#### To do
What you write should be an exact repeat of the lines from the one with "地埋式一體化污水處理設備圖紙" through the final line below, minus the pictures.

Captioned web images
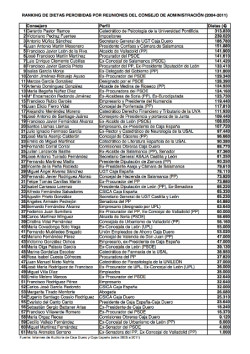 &iexcl;Podredumbre en la antigua Caja Espa&ntilde;a!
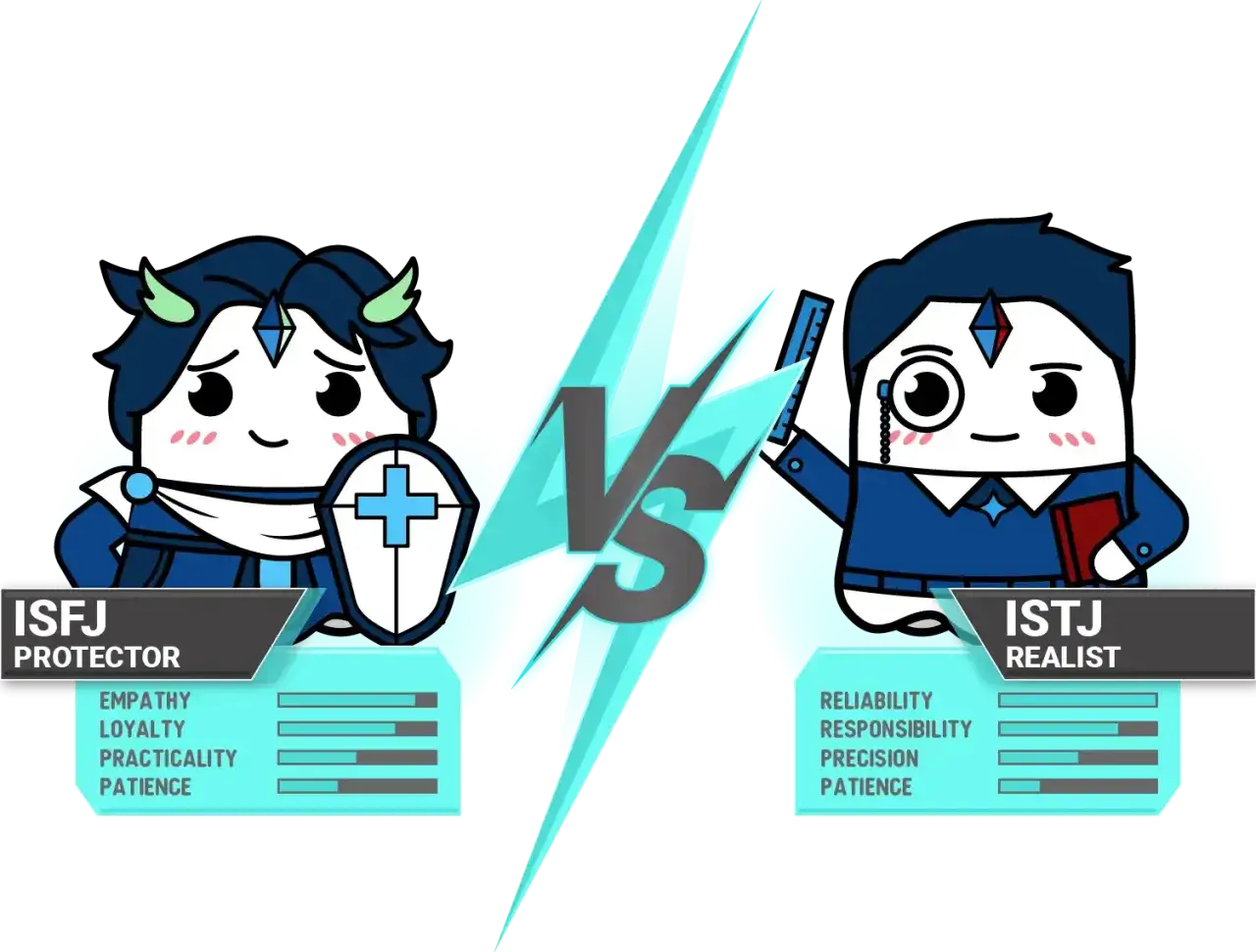 Najczęstszy typ osobowości: ISFJ i ISTJ? Poznaj swój i inne!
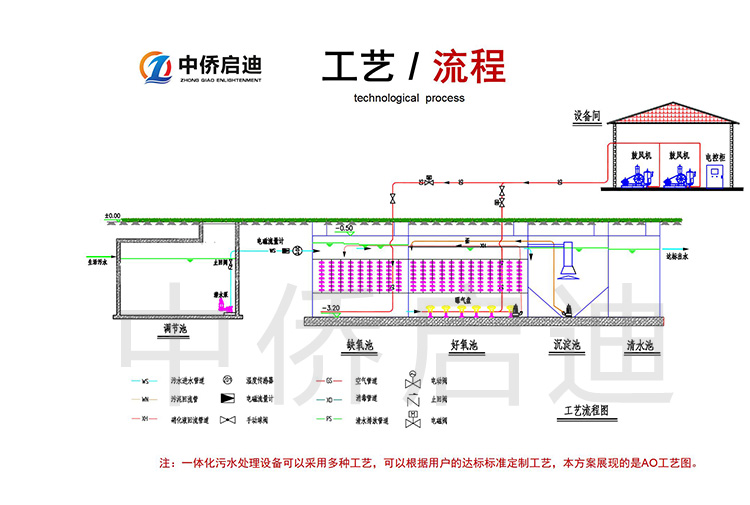 地埋式一體化污水處理設備圖紙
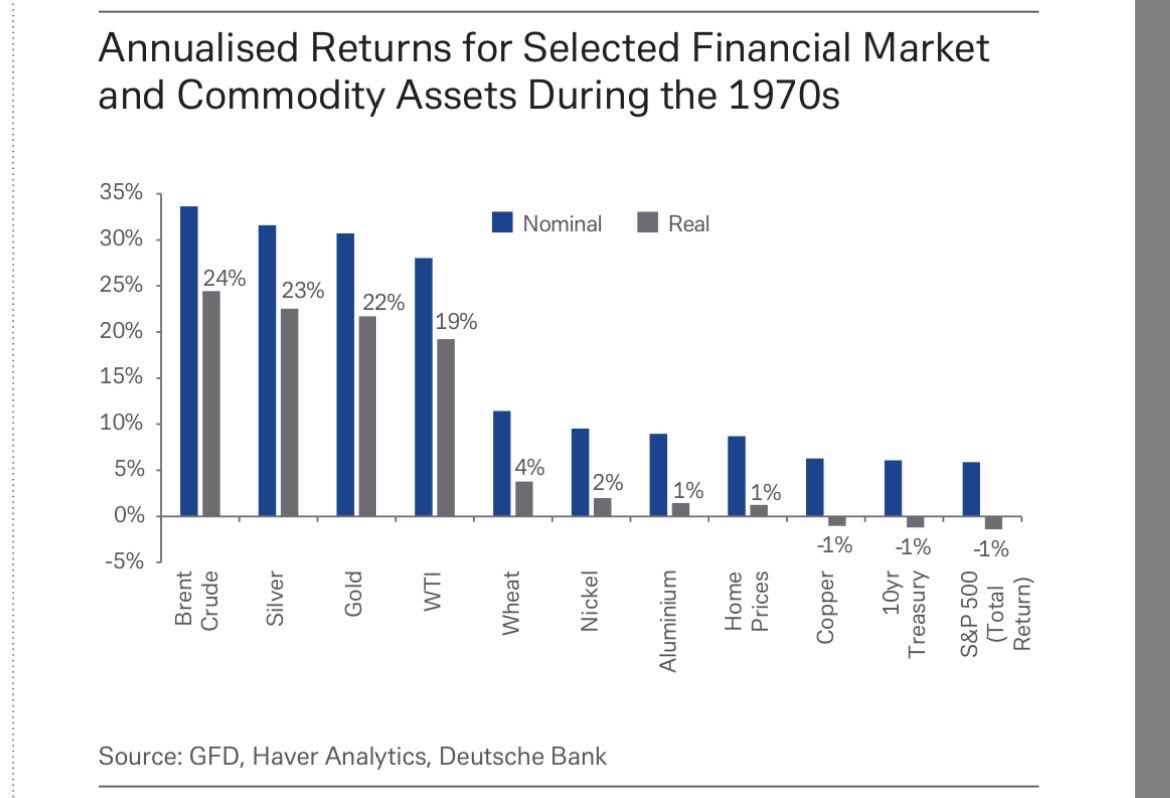 Daniel D. Eckert tweet media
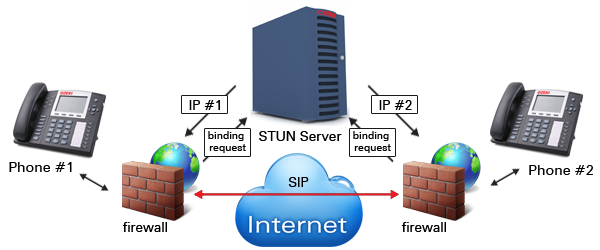 voip-sip encryption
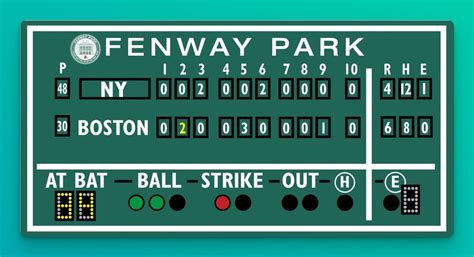 Youth Baseball Score Sheet Gratis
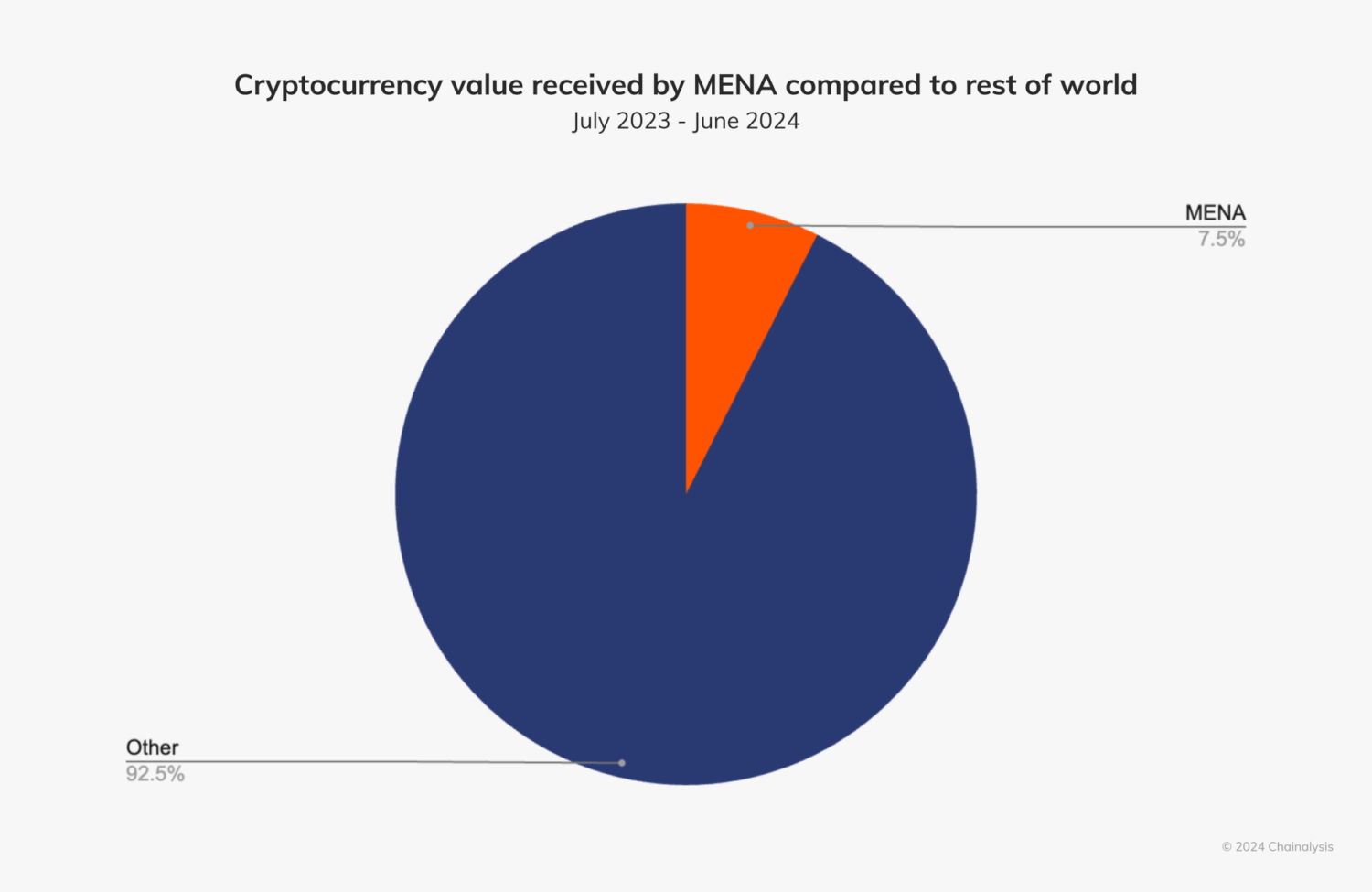 Valeur des cryptomonnaies reçues par la région MENA par rapport au reste du monde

#### Answer space
 地埋式一體化污水處理設備圖紙
 Daniel D. Eckert tweet media
 voip-sip encryption
 Youth Baseball Score Sheet Gratis
 Valeur des cryptomonnaies reçues par la région MENA par rapport au reste du monde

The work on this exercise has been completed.